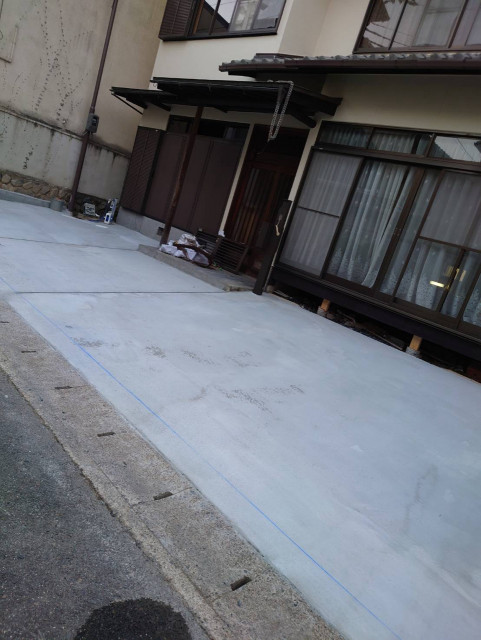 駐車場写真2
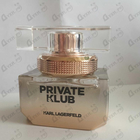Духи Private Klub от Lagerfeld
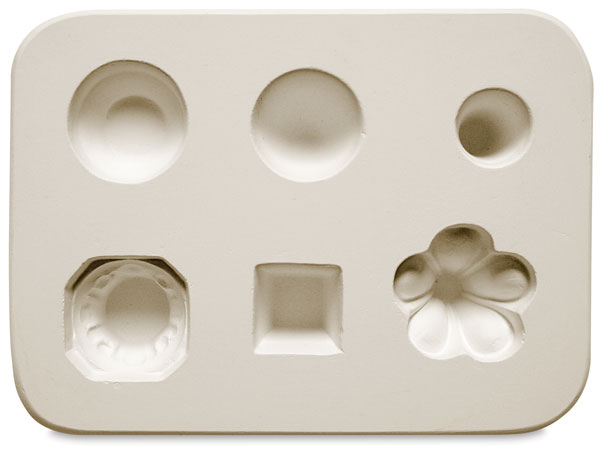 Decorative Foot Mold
################
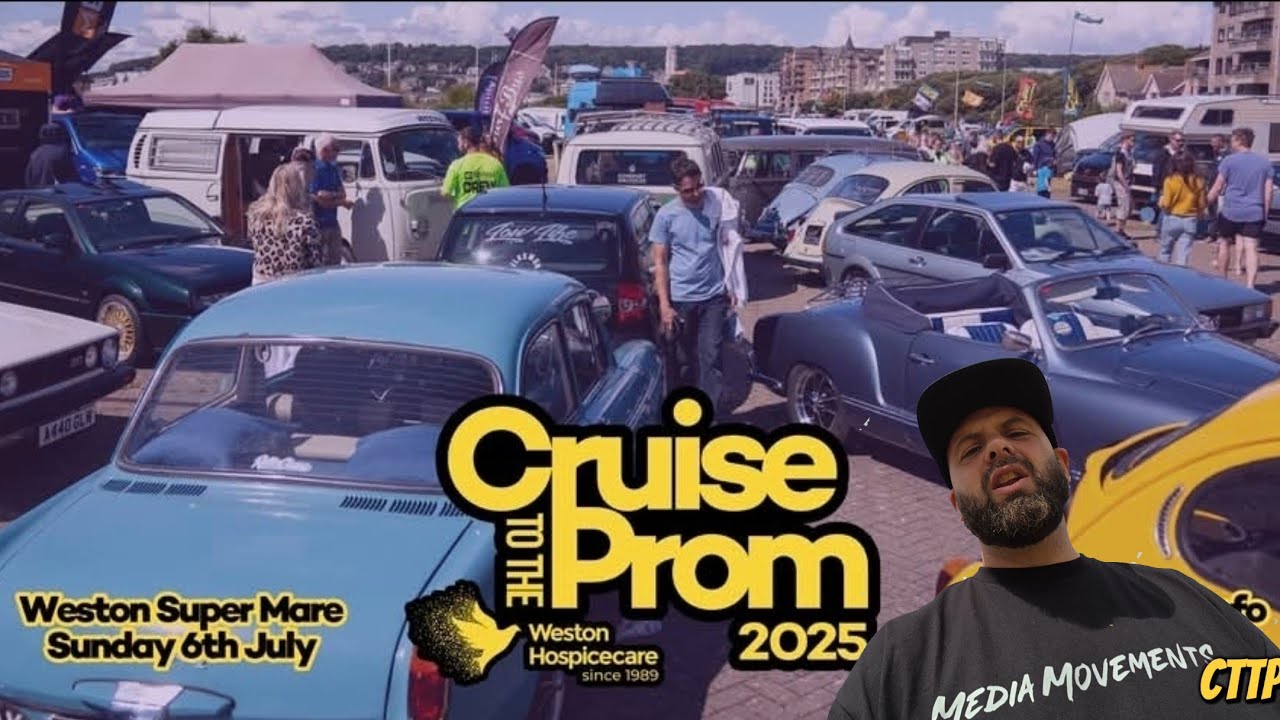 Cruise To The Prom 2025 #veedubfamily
################
What you return from the records above should be exactly everything from the line with "Духи Private Klub от Lagerfeld" down to the line with "Decorative Foot Mold", both kept, and no pictures.

Духи Private Klub от Lagerfeld
 Decorative Foot Mold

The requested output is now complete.